# Horrible Club Pass rule that changes everything...



## rleigh (Oct 16, 2014)

..for me anyway.

Sorry if this is a repeat, but all the CP topics are miles long. I don't remember hearing this at all.

I just tried to book two resorts that had PLENTY of availability through CP.

I get 6000 credits per year.

I was told I can only book my yearly amount. So even if I had 12000 in the bank, I can only book 6000.

He said it was a new rule.

Thoughts? Anyone run in to this?


----------



## cotraveller (Oct 16, 2014)

That's the way I thought it always was.  It will affect me too, but not quite as severe since I have 10,000 credits.  I'm sure it will be something sales pushes as a reason to buy more credits.


----------



## ronparise (Oct 16, 2014)

And some of us Worldmark cant use Club Pass at all. 

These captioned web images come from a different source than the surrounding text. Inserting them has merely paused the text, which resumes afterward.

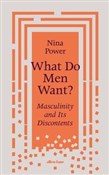 polish book : What Do Me... - Nina Power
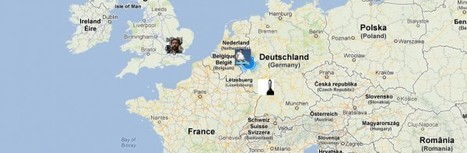 About.me, la plataforma para unir las identidades online, ya en Google Maps.- | Google+, Pinterest, Facebook, Twitter y mas ;) | Scoop.it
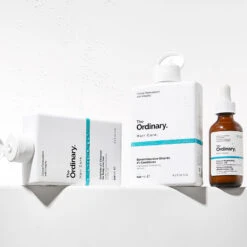 The Ordinary Natural Moisturizing Factors + HA For Scalp 60ml -Cheap Wellness Beauty Store TheOrdinaryNaturalMoisturizingFactors HAforScalp60ml 1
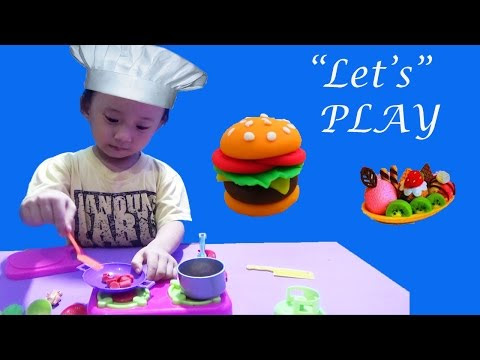 VIDEO : mainan anak main masak-masakan ♥ cook, cooking toys ♥ kid toys - mainan anakmain masak-masakan ♥ cook, cooking toys ♥ kid toysmainan anakmain masak-masakan ♥ cook, cooking toys ♥ kid toysvideo mainan anakmasak-masakan dirancang un ...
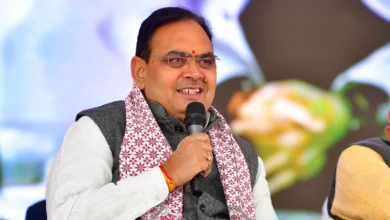 Photo of CM भजनलान को अचानक रास्ते में दिख गया पुराना दोस्त और फिर ऐसे निभाई दोस्ती…अधिकारी भी रह गए हैरान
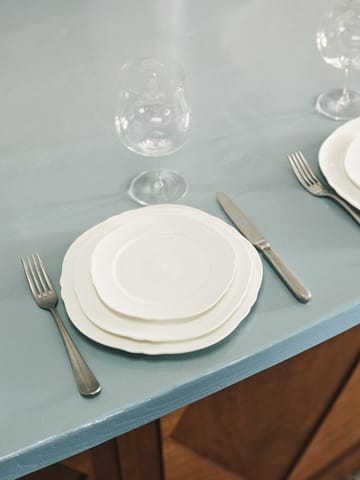 Silhouette Bourgogne vinglass 73 cl - Clear - Serax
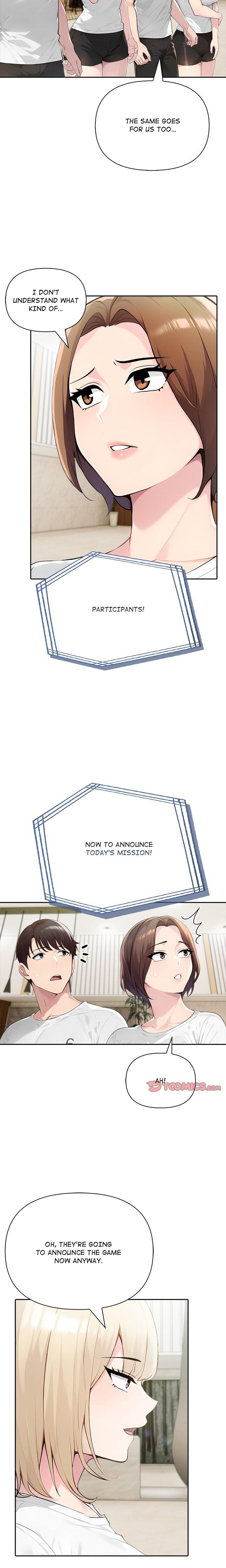 Matrimoney Game (Uncensored), chapter 51, page 14 of 20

If you want to stay at a Wyndham resort, the easy way is to buy some Wyndham points, or find a Wyndham mega-renter, and rent from them


----------



## blr666 (Oct 16, 2014)

How much does the Wyndham mega renter usually charge?


----------



## am1 (Oct 16, 2014)

Depends how good they are.


----------



## rleigh (Oct 20, 2014)

Thanks for the responses. I never imagined they would have this rule.  I thought it was a great alt to RCI but now it is worthless to me. 

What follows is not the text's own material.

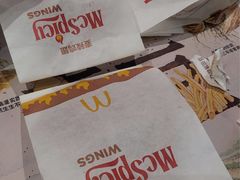-麦当劳(豫园店)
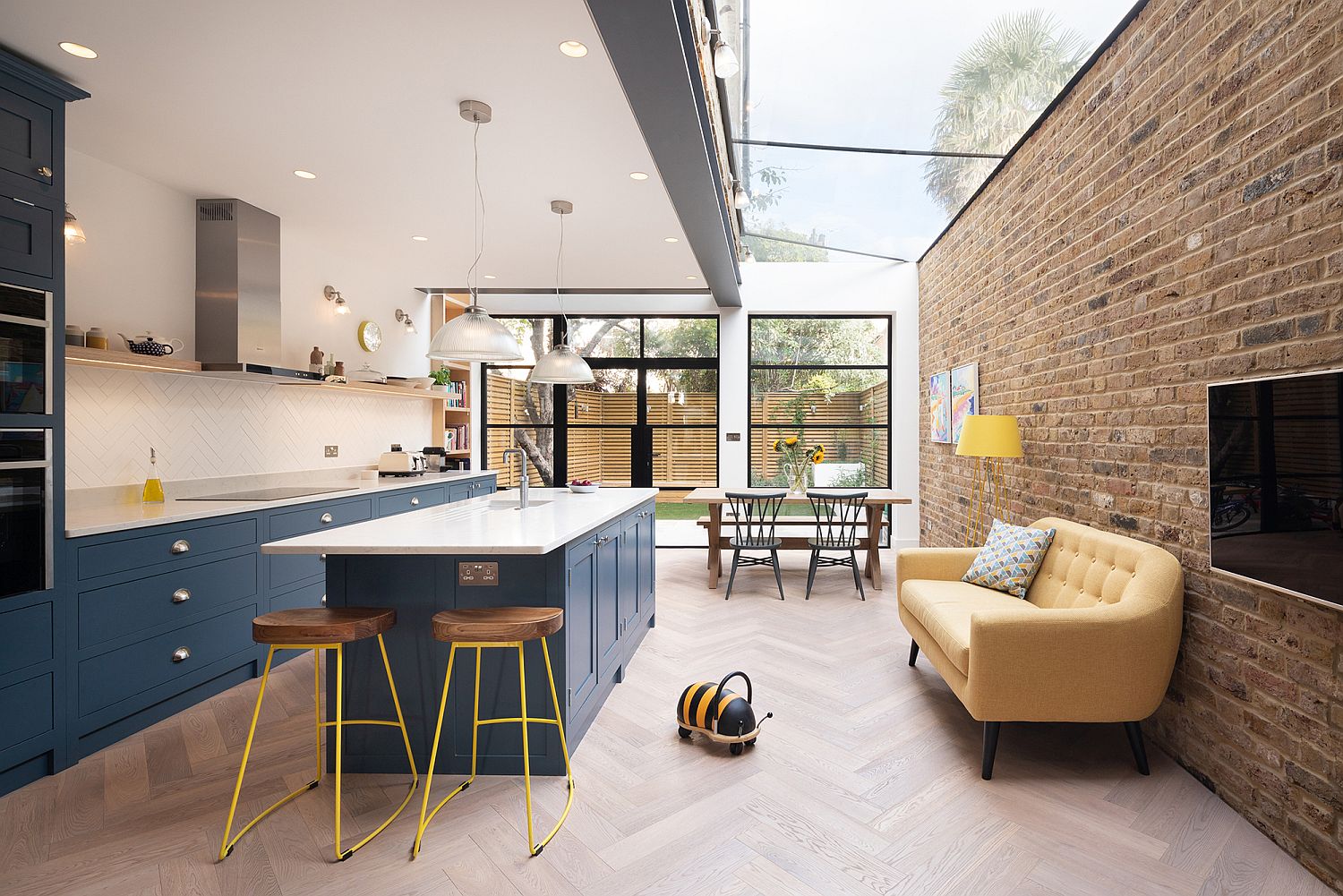 Why You Should Consider Extending Your Kitchen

I was annoyed that we had to pay an additional $99 for resorts we had access to before (yes they gave us a few and I utilized them.)

But it's even worse now. Those Wyn resorts we could use before did not have that "yearly credit max" stipulation.

So for me, resorts were taken away, not added. 

Thanks again for responding.


----------



## ronparise (Oct 20, 2014)

blr666 said:


> How much does the Wyndham mega renter usually charge?



depends on the condition of my bank account,


----------



## vacationhopeful (Oct 20, 2014)

ronparise said:


> depends on the condition of my bank account,



Mine, too. My Wyndham Snowbird Fixed Week MFs come due Nov 1st. My points MFs are every month....


----------